Real programs read and write files and handle errors gracefully. This unit covers the File class, reading/writing text files with Scanner and PrintWriter, and Java's exception handling system.
A File object represents a path to a file or directory on disk. Creating a File object doesnot create an actual file — it's just a reference to a location that may or may not exist.
import java.io.File;
// A File object is just a path — the file may not exist yet
File f = new File("data.txt");
File dir = new File("output/reports");
File abs = new File("C:/Users/student/Desktop/scores.txt");
// The file is NOT created on disk by this.
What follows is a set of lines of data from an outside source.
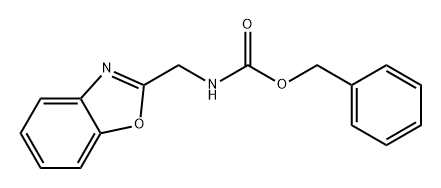 Carbamic acid, N-(2-benzoxazolylmethyl)-, phenylmethyl ester Struktur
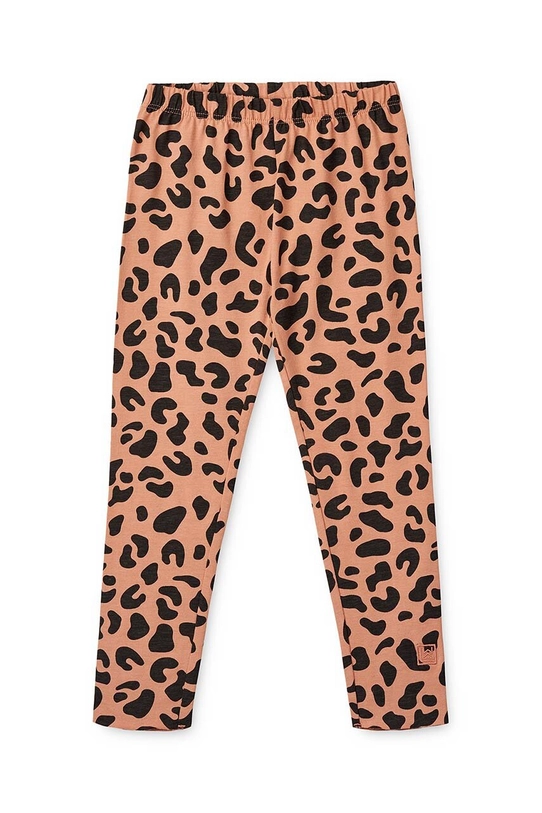 Liewood leggins copii LW17205 portocaliu AW24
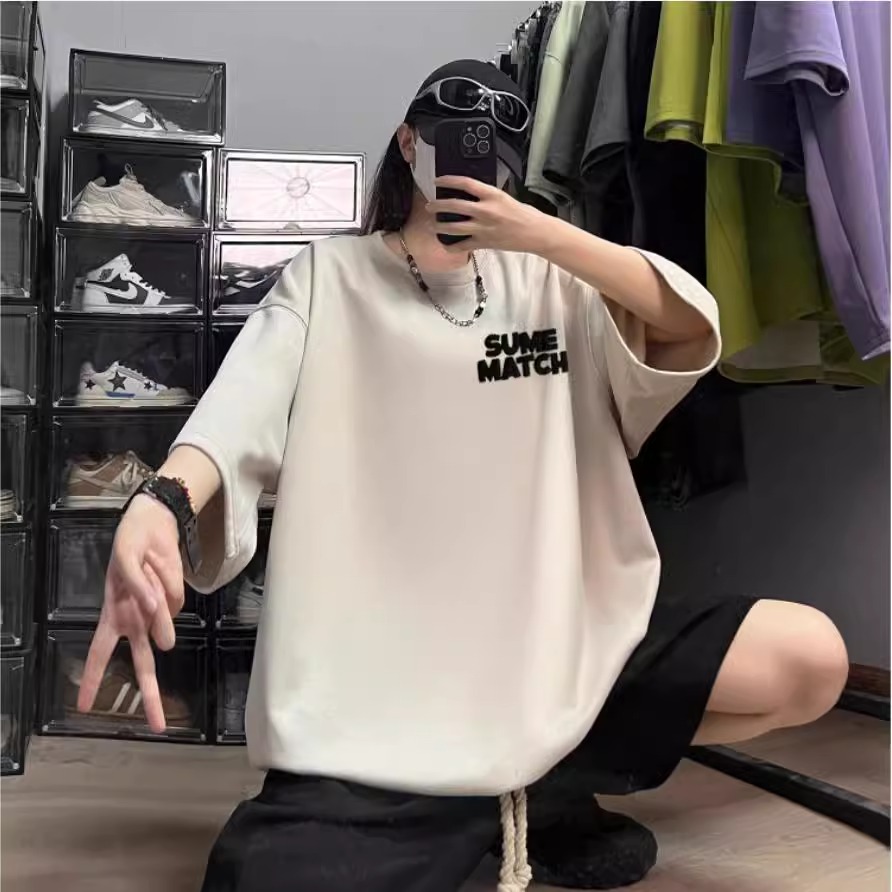 【限购1件】~精品T恤~每个ID◆限购1件◆~发泡工艺，仿麂皮绒~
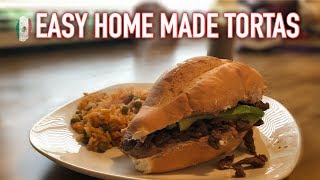 HOW TO MAKE STEAK TORTAS  EASY [upl. by Chute]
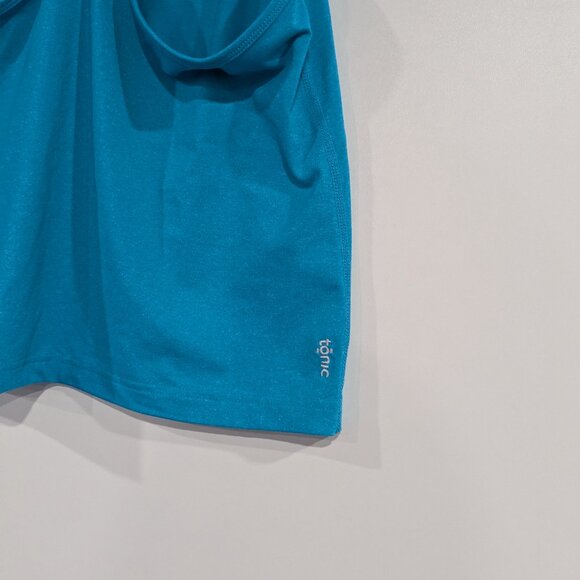 *3/$10* tonic Layered Yoga Tank Mint Green Turquoise Size Medium - Picture 3 of 3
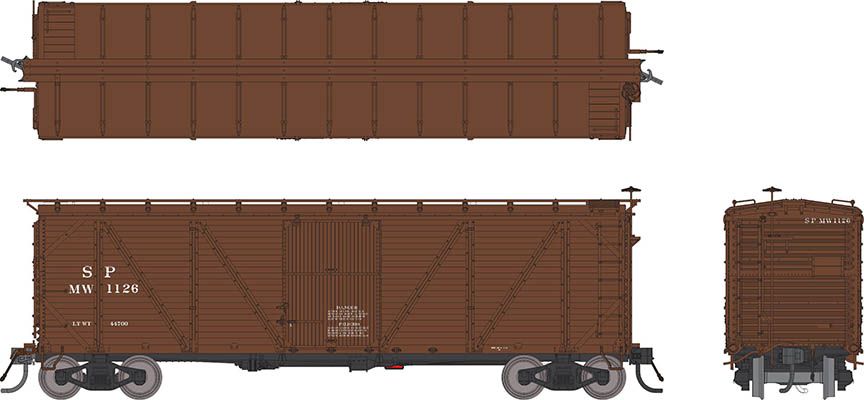 Rapido Trains Inc HO 171006-1399 Southern Pacific B-50-15 Boxcar 'Company Service ' As Built w/ Viking Roof SP MW #1399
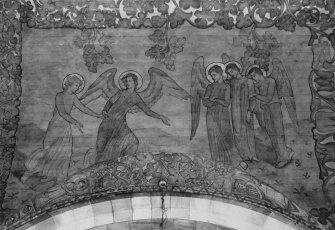 Interior. South chapel, detail of ceiling.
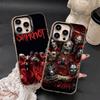Чехол для телефона группы Slipknot Серебристый корпус Для IPhone 17 16 15 14 13 12 11 Pro Max Plus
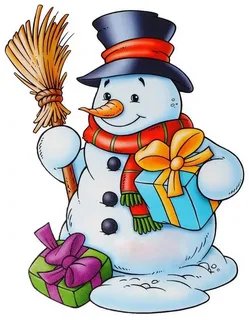 снеговик - зима, снеговик, новый год - оригинал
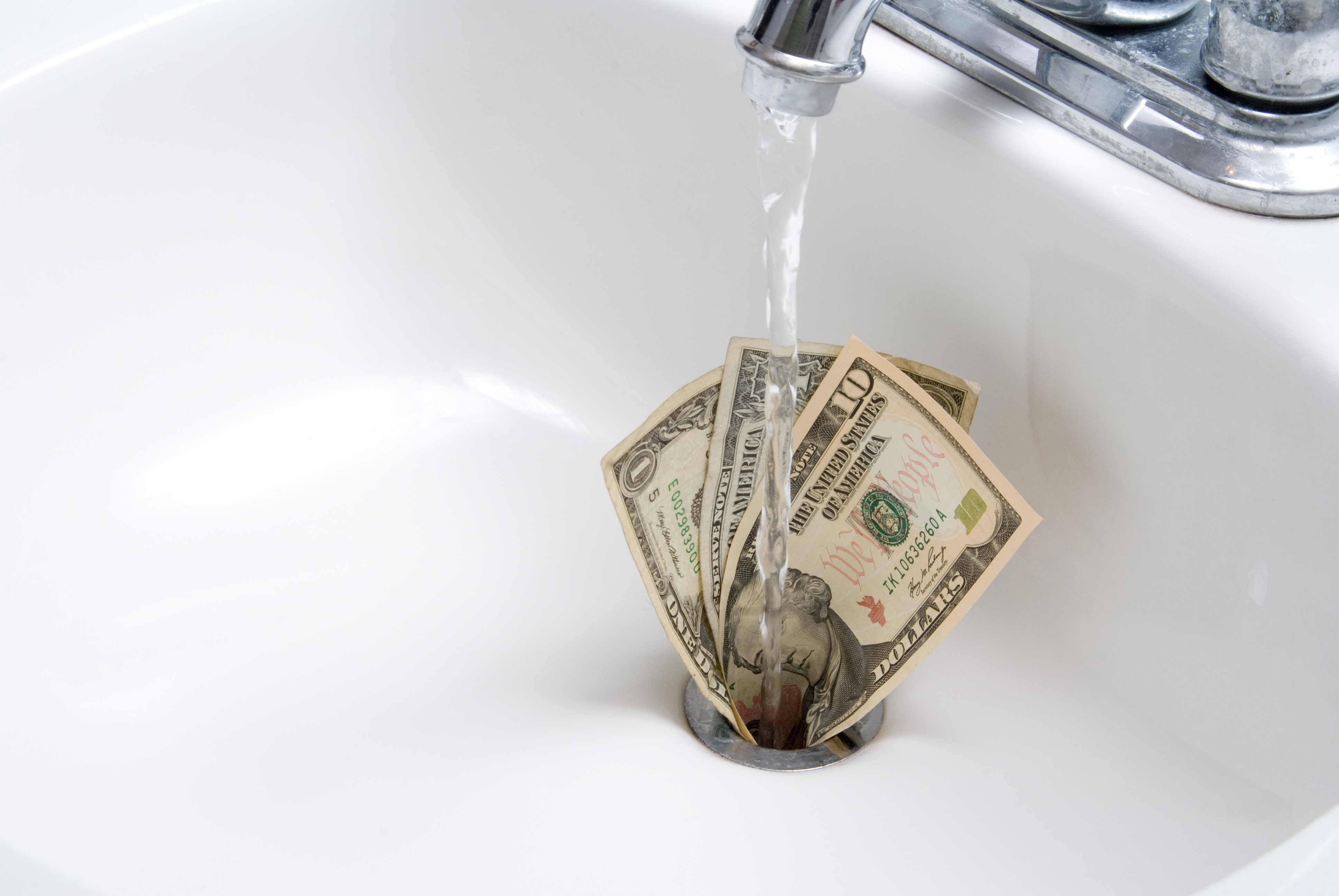 Money Down a Sink Drain Money Down a Sink Drain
// It's just a Java object that knows the path.
System.out.println(f.getName()); // data.txt| Method | Returns | Description |
|---|---|---|
getName() | String | The file name (not the full path) |
exists() | boolean | true if the file/directory exists on disk |
length() | long | File size in bytes (0 if doesn't exist) |
getAbsolutePath() | String | The full path from the root of the filesystem |
canRead() | boolean | true if the program can read this file |
canWrite() | boolean | true if the program can write to this file |
createNewFile() | boolean | Creates the file if it doesn't exist. Returns true if created. Throws IOException. |
delete() | boolean | Deletes the file. Returns true if successful. |
import java.io.File;
import java.io.IOException;
File f = new File("data.txt");
System.out.println(f.getName()); // data.txt
System.out.println(f.exists()); // false (doesn't exist yet)
System.out.println(f.getAbsolutePath()); // C:\projects\data.txt
f.createNewFile(); // actually creates the file on disk now
// throws IOException — must handle it!
System.out.println(f.exists()); // true
System.out.println(f.length()); // 0 (empty file)
System.out.println(f.canRead()); // true
System.out.println(f.canWrite()); // true
f.delete(); // removes the file
System.out.println(f.exists()); // falsenew File("x.txt") does NOT create a file. createNewFile() does. exists() returnsfalse until the file is actually on disk. Watch for this distinction in trace questions.
PrintWriter writes text to a file sequentially. It has the same print/println methods you already know from System.out.
import java.io.PrintWriter;
import java.io.File;
import java.io.IOException;
public class WriteDemo {
public static void main(String[] args) throws IOException {
// Creates the file if it doesn't exist; overwrites if it does
PrintWriter out = new PrintWriter(new File("output.txt"));
out.println("Name: Alice");
out.println("Score: 95");
out.print("Grade: ");
out.println("A");
// IMPORTANT: must close or flush to save!
out.close();
// output.txt now contains:
// Name: Alice
// Score: 95
// Grade: A
}
}If you don't call out.close(), the data may never actually be written to disk. PrintWriter buffers output — close() flushes the buffer and releases the file.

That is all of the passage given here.